Data provided below:

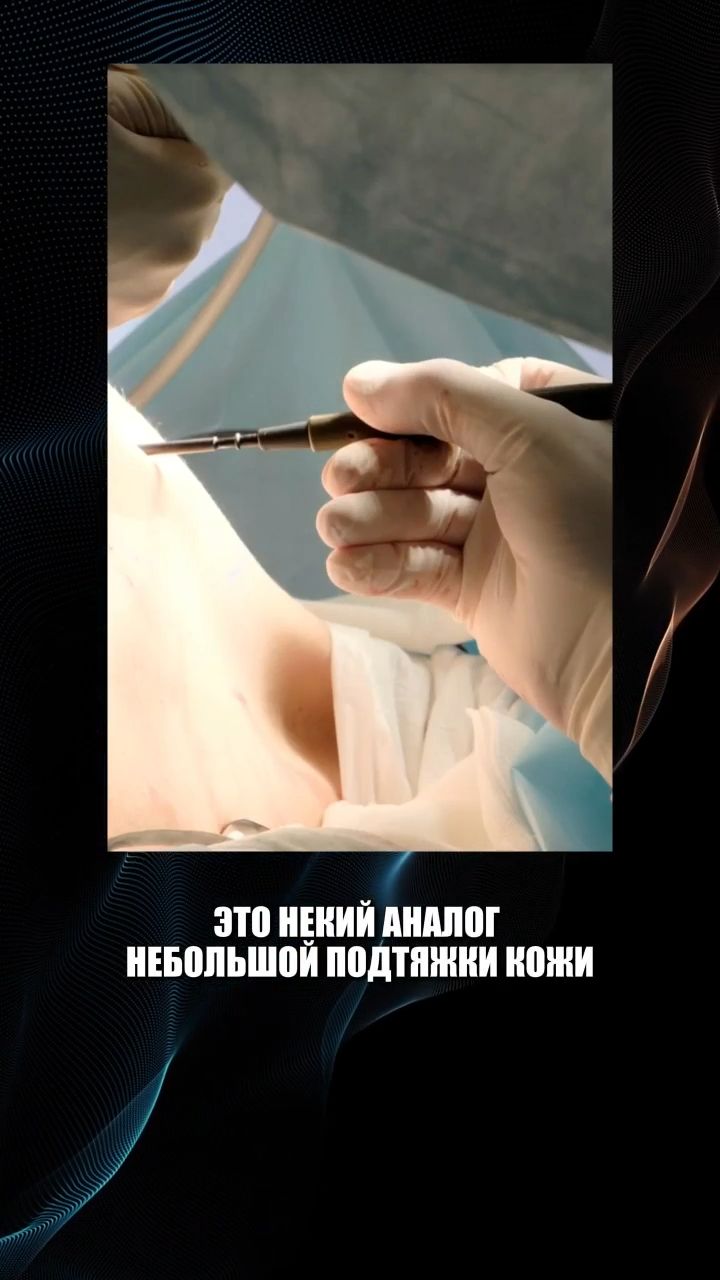 Подтяжка груди без швов: технология и естественный результат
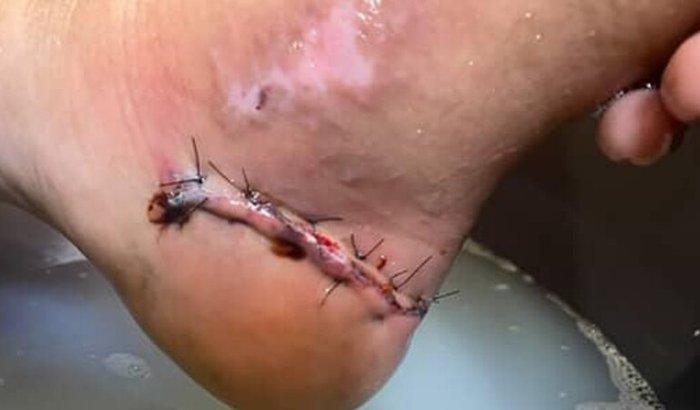 Ajuda para os remédios e ortopedia pra Bia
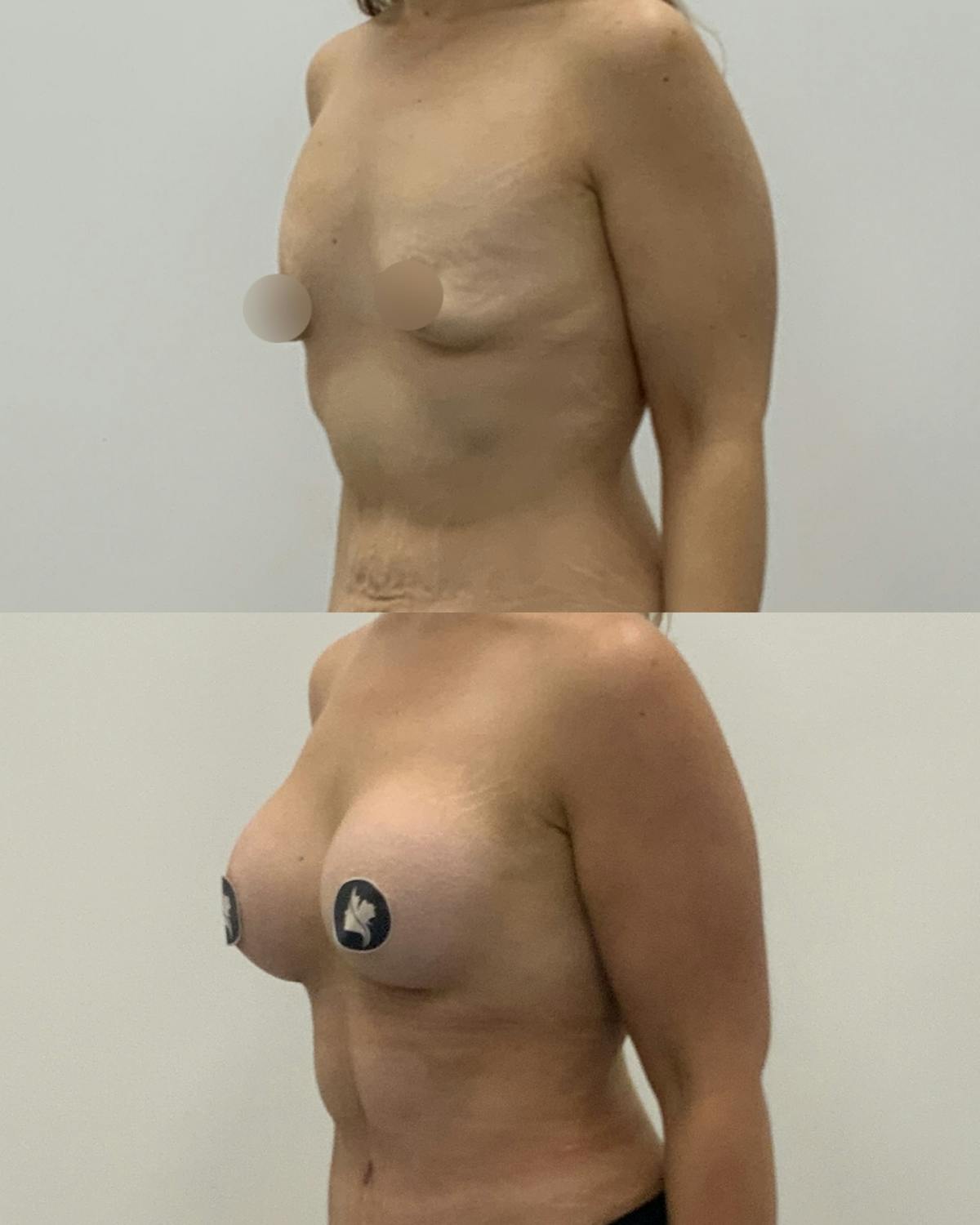 Breast Augmentation Before & After Gallery - Patient 370366 - Image 2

End of Data provided.

Reproduce the data above in full, exactly as it is, with the pictures left out.

 Подтяжка груди без швов: технология и естественный результат
 Ajuda para os remédios e ortopedia pra Bia
 Breast Augmentation Before & After Gallery - Patient 370366 - Image 2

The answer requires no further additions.